Exercise instructions
Only the lines below from the one containing "bu_rrah's tweet photo." through the one containing "شاركونا تصويركم لركننا" belong in the answer, repeated exactly and without pictures.

Data
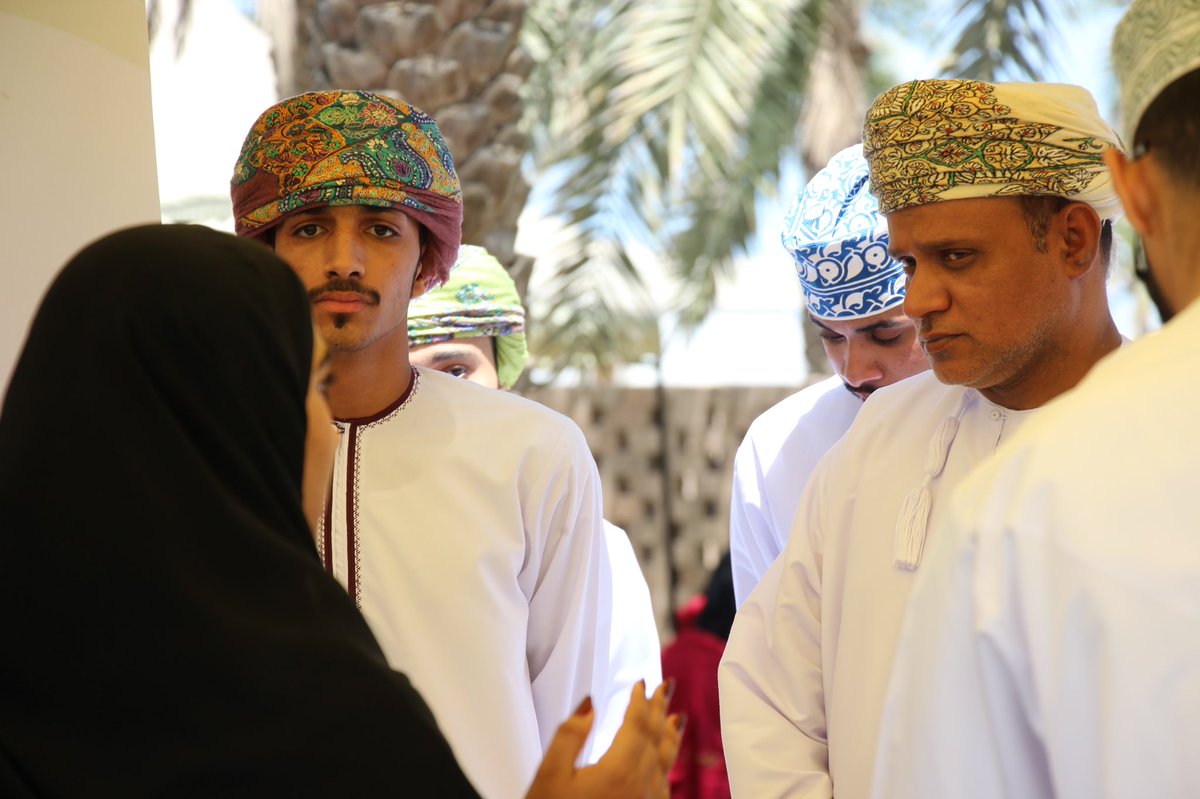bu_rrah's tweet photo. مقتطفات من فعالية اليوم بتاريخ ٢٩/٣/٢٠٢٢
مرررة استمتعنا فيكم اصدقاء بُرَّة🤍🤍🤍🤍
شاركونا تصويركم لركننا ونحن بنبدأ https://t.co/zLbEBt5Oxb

...

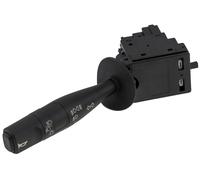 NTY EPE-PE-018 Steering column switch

--

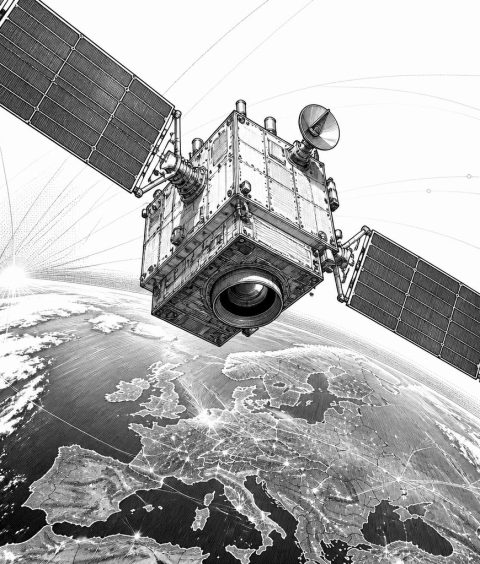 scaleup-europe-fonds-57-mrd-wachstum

Answer space
bu_rrah's tweet photo. مقتطفات من فعالية اليوم بتاريخ ٢٩/٣/٢٠٢٢
مرررة استمتعنا فيكم اصدقاء بُرَّة🤍🤍🤍🤍
شاركونا تصويركم لركننا ونحن بنبدأ https://t.co/zLbEBt5Oxb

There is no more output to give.